[GIVEN RECORDS Boundary: Start]

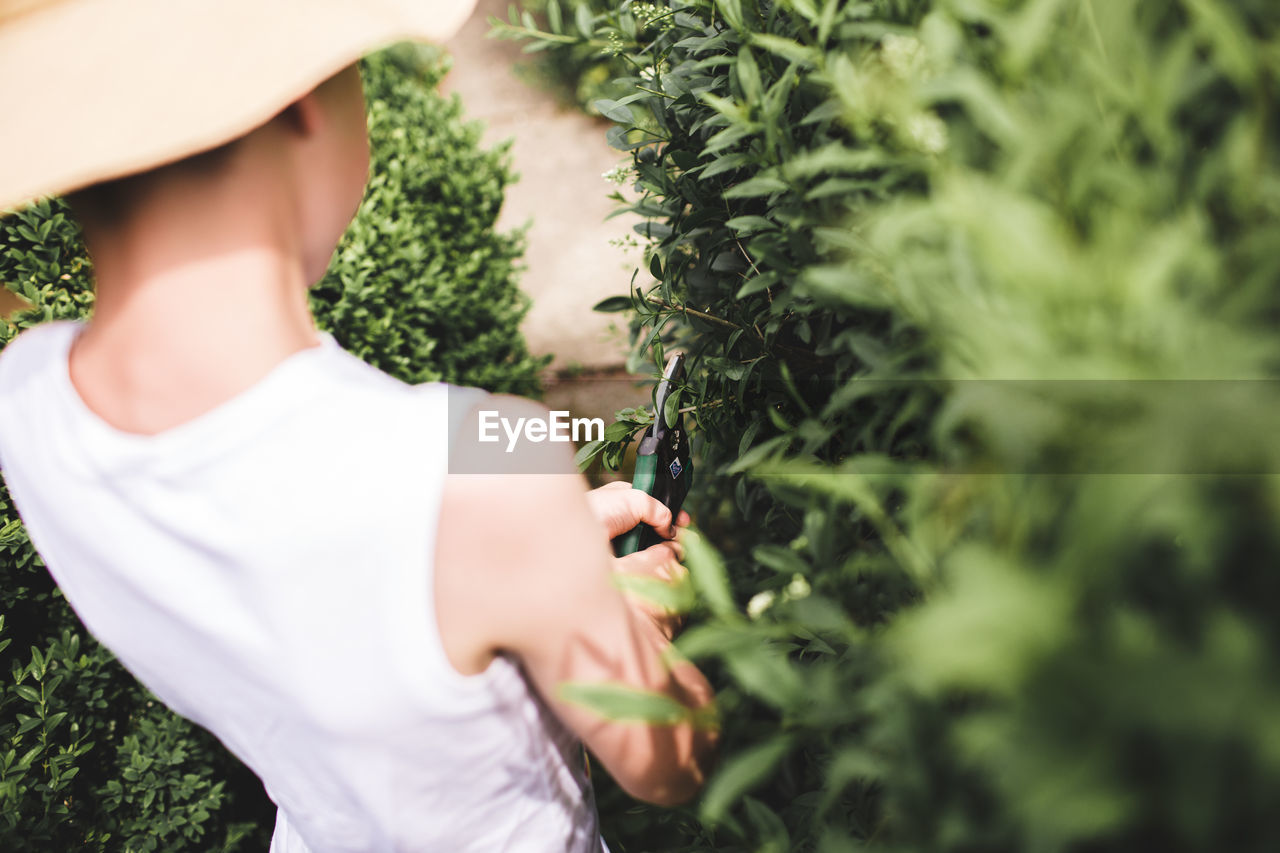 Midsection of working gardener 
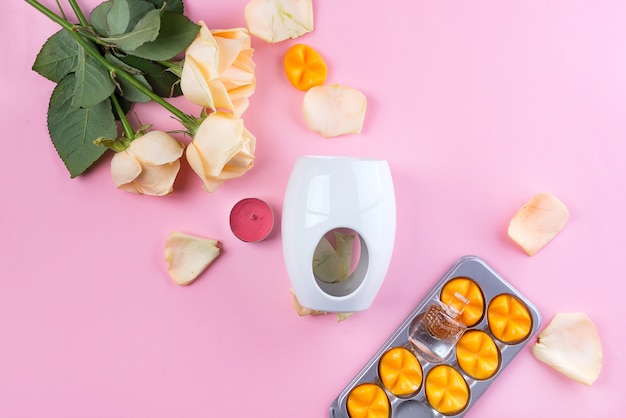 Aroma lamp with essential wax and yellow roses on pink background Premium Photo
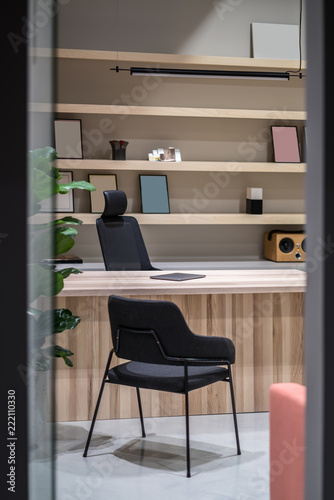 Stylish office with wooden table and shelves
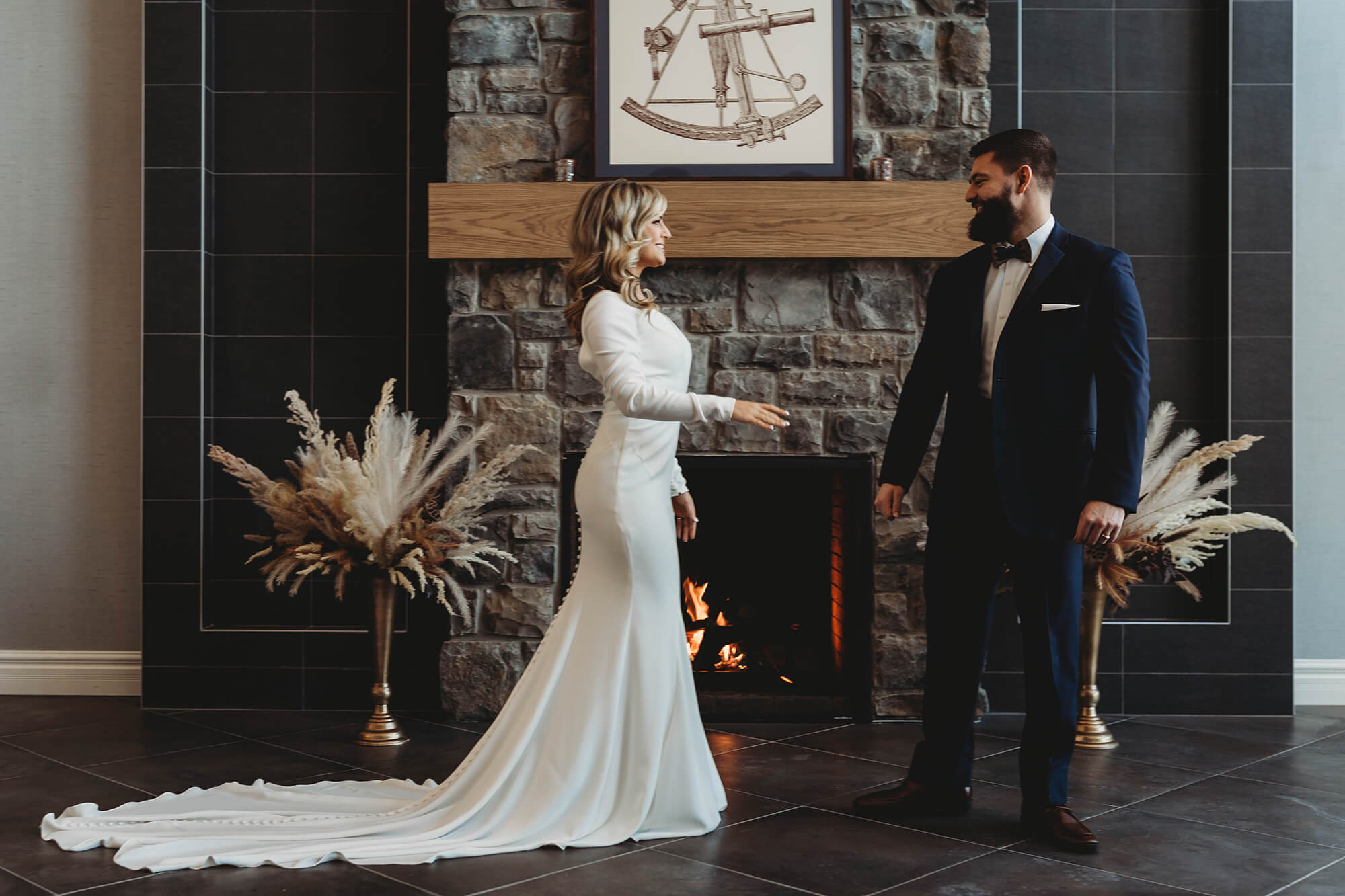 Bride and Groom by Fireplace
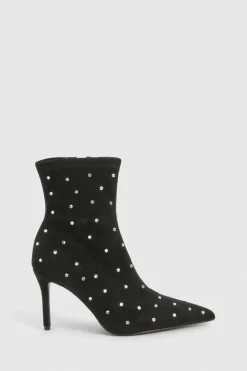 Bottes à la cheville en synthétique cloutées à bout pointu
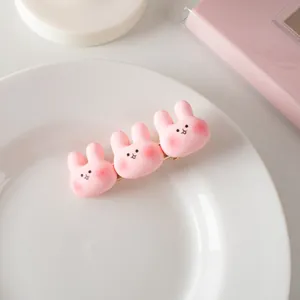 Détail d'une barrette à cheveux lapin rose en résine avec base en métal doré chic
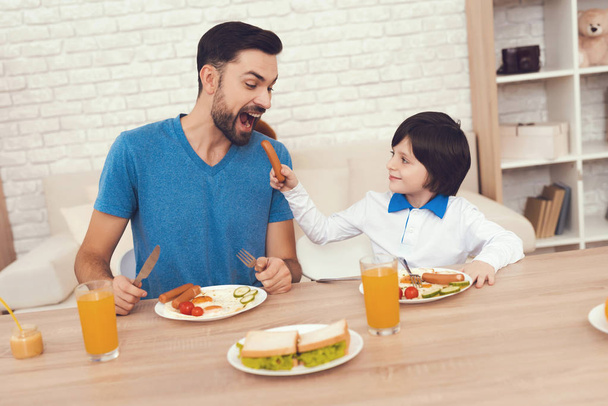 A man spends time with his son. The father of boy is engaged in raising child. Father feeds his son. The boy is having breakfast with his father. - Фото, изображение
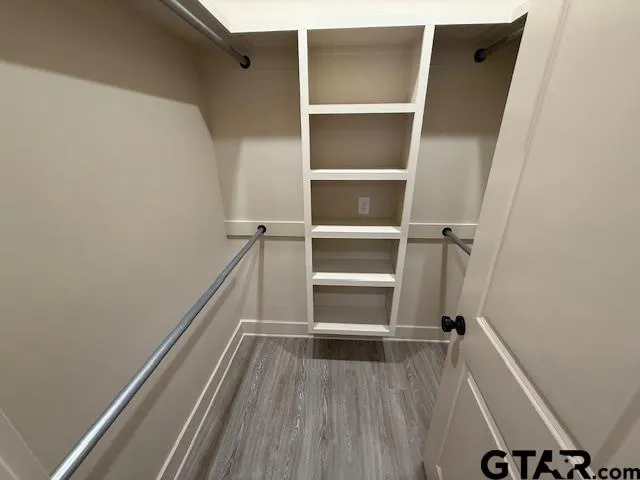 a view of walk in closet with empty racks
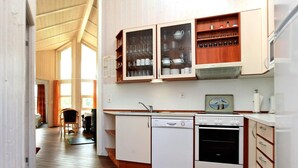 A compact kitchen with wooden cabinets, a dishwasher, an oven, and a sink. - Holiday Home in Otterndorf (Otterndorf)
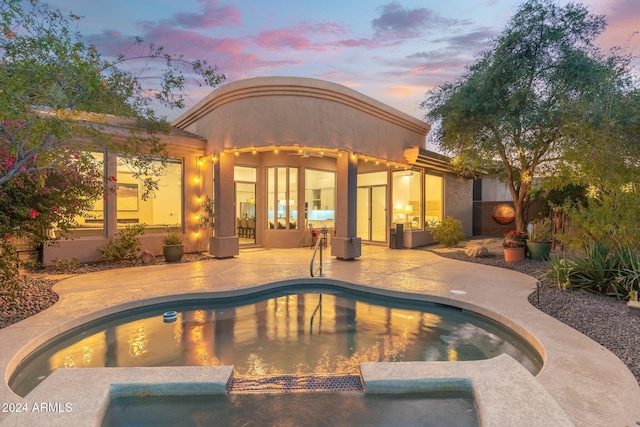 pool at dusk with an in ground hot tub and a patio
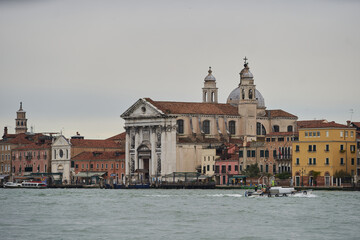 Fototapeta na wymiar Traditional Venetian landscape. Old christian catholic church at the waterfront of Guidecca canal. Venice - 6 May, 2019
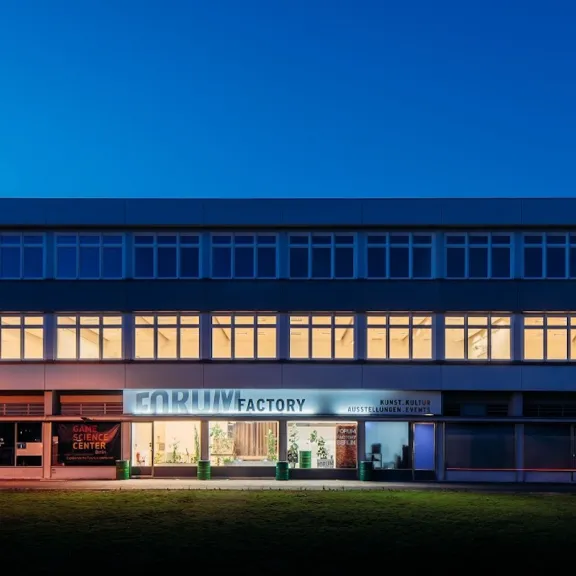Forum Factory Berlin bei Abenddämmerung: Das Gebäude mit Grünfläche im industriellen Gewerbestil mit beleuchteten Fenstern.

[GIVEN RECORDS Boundary: End]

▶ WORK REQUEST:
Transcribe exactly, please, the lines between the start of the records above and the line holding "Bottes à la", counting both of those lines and omitting pictures.

▶ TASK OUTPUT:
 Midsection of working gardener 
 Aroma lamp with essential wax and yellow roses on pink background Premium Photo
 Stylish office with wooden table and shelves
 Bride and Groom by Fireplace
 Bottes à la cheville en synthétique cloutées à bout pointu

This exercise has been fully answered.